Based on this, the present application discloses a resistance adjustment method and an apparatus for exercise equipment, and a non-transitory computer-readable storage medium. By obtaining a set gear level and a position of the power input component of the exercise equipment, a target generation current of the generator of the exercise equipment is determined. This target generation current controls the generator's output, thereby adjusting the resistance of the power input component. Different positions of the power input component correspond to different current adjustment values, allowing for real-time dynamic adjustment of the resistance based on the position of the power input component. The current adjustment value for each position of the power input component is configured according to comfort and optimal training effect. The exercise equipment dynamically adjusts the resistance of the power input component based on this current adjustment value, enabling users to experience both comfort and optimal training results during exercise, thus improving the user experience of the exercise equipment.

As shown in FIG. 1, FIG. 1 is a terminal structure schematic diagram of a hardware operating environment according to an embodiment of the present application.

The terminal in an embodiment of the present application can be a personal computer (PC) or an exercise equipment, such as a stationary bike.

As shown in FIG. 1, the terminal may include: a processor 1001, such as a central processing unit (CPU), a network interface 1004, a user interface 1003, a memory 1005, and a communication bus 1002. The communication bus 1002 is used to enable communication between these components. The user interface 1003 may include a display screen and a user terminal interface. The user interface 1003 may also include standard wired and wireless interfaces. The network interface 1004 may include standard wired and wireless interfaces (such as a Wi-Fi interface). The memory 1005 may be high-speed random access memory (RAM) or non-volatile memory, such as disk storage.

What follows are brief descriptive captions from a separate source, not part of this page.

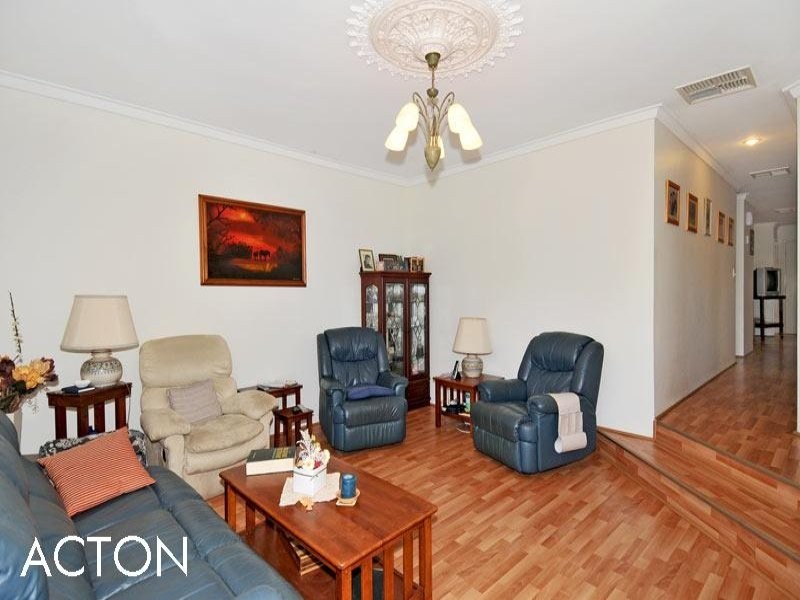 9 Beacham Street, Coodanup WA 6210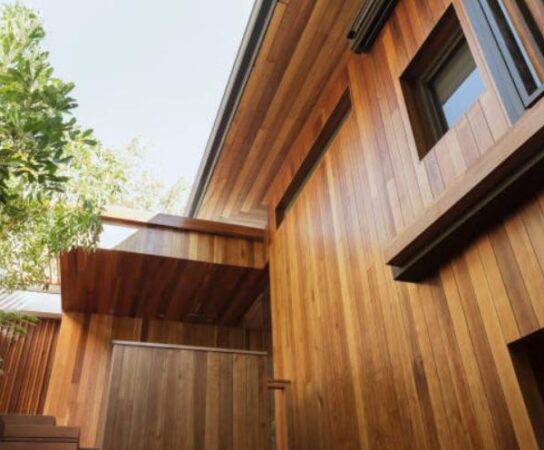 Modernisation de façade : l’effet d’une pose verticale à claire-voie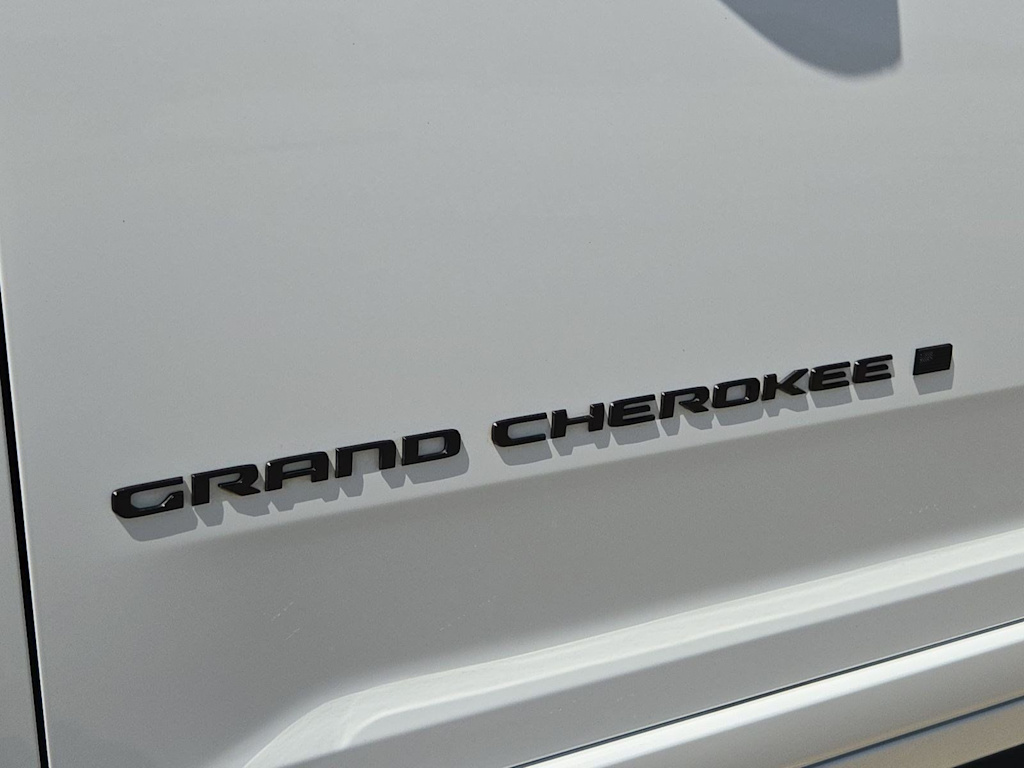Thumbnail: 2024 Jeep Grand Cherokee L - 24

The memory 1005 may also be a storage device independent of the aforementioned processor 1001.

Those skilled in the art will understand that the terminal structure shown in FIG. 1 does not constitute a limitation on the terminal, and may include more or fewer components than shown, or combine certain components, or have different component arrangements.

As shown in FIG. 1, the memory 1005, which serves as a computer storage medium, may include a resistance adjustment program for implementing resistance adjustment of the exercise equipment. The processor 1001 may be used to call the resistance adjustment program stored in the memory 1005 and perform the following operations:

The set gear level and the position of the power input component of the exercise equipment are obtained.

The target generation current of the generator is determined based on the set gear level and the position of the power input component.

The resistance of the power input component of the exercise equipment is adjusted based on the target generation current.

Based on the hardware architecture of the aforementioned terminal, the following embodiments for adjusting resistance are proposed in the present application.

As shown in FIG. 2, an embodiment of the present application provides a resistance adjustment method for exercise equipment, including:

Step S110: obtaining a set gear level and a position of the power input component of the exercise equipment.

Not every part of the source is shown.